The eastern seaboard remains the country’s key target for fraud. NSW emerged as the hardest-hit state, suffering 26 cases of corporate crime, totalling $110 million.
Queensland experienced a significant number of large scam cases; two of the largest were a Ponzi scheme costing $10.5 million and a $13 million duty evasion case involving imported tobacco.
KPMG national head of forensic, Gary Gill, told WA Business News the barometer found Australia’s fraud value doubled in the past six months to almost $218 million, with little sign of the epidemic subsiding.
“The global financial crisis provided ideal conditions for fraudsters looking for extra money, as well as helping to uncover hidden fraud after corporate belts were tightened,” he said.
“While alarming, these results are not surprising as the large number of managers and employees facing fraud related charges can be directly linked to better fraud detection, following a tightening of internal controls as a result of the economic downturn.”
Mr Gill said the most common form of fraud involved employees overriding or manipulating accounting procedures and controls to divert funds for their own benefit.
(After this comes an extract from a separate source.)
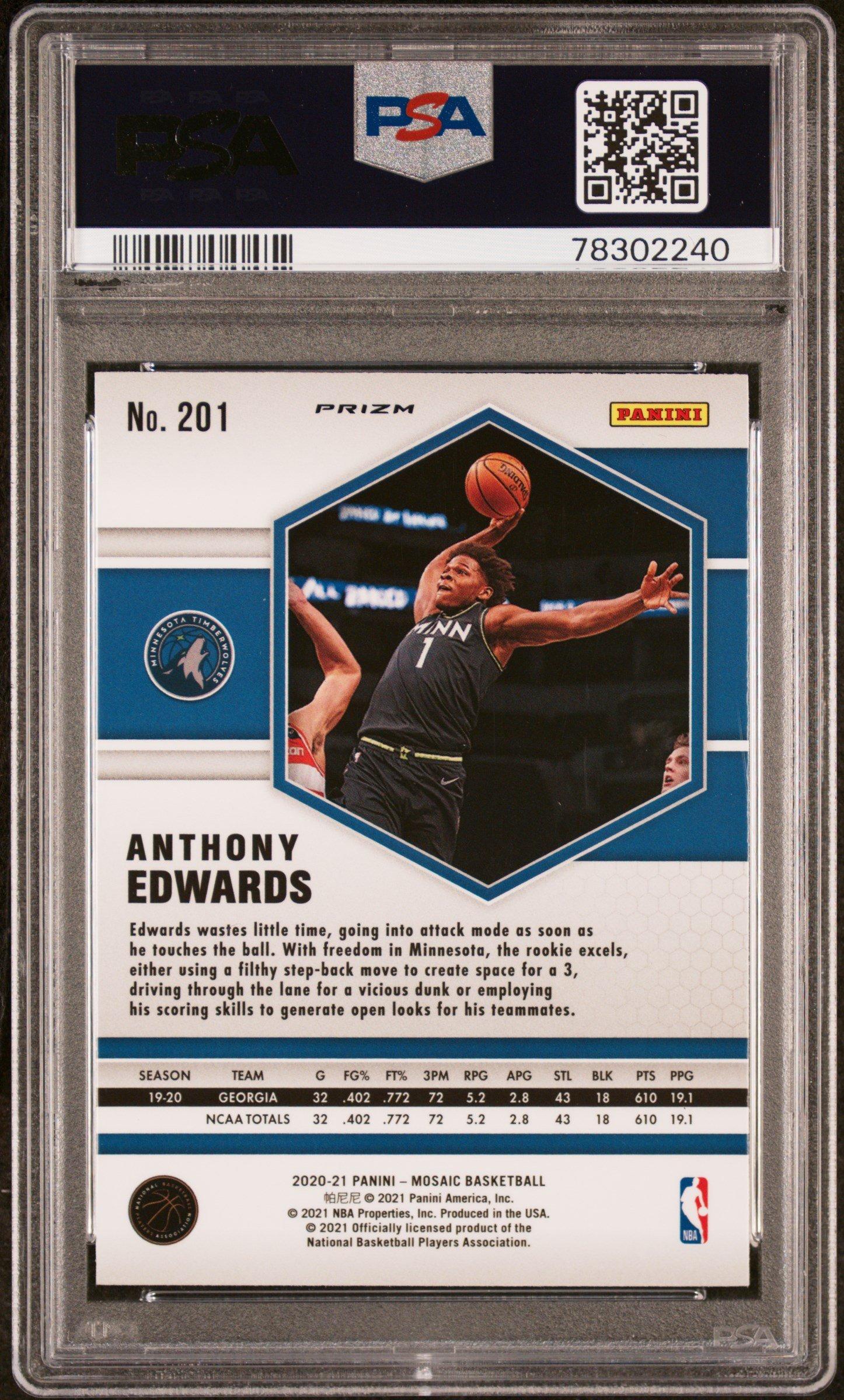 2020 Panini Mosaic 201 Anthony Edwards PSA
A biannual Pricewaterhouse-Coopers survey of more than 3,000 organisations in 54 countries found that Australia experienced economic crime at a greater rate than the global average in the past year.
The survey found that 40 per cent of Australian companies reported at least one instance of corporate crime in the past 12 months, compared to 30 per cent of companies globally.
PwC partner, forensic services, Malcolm Shackell, said there was a demonstrable link between the financial turmoil experienced over the past two years and a rise in reports of corporate crime.
“With signs of improvement, the pressing issue facing organisations is whether the control weaknesses resulting in higher incidences of fraud will be plugged or whether gaps will remain with the potential to seriously impact organisations,” he said.
“I suspect for many businesses, especially those that did not have sound fraud control systems prior to the financial crisis, this is a clear and present danger.”
PwC found the removal of financial bonuses and the threat of redundancy encouraged staff to perpetrate fraud.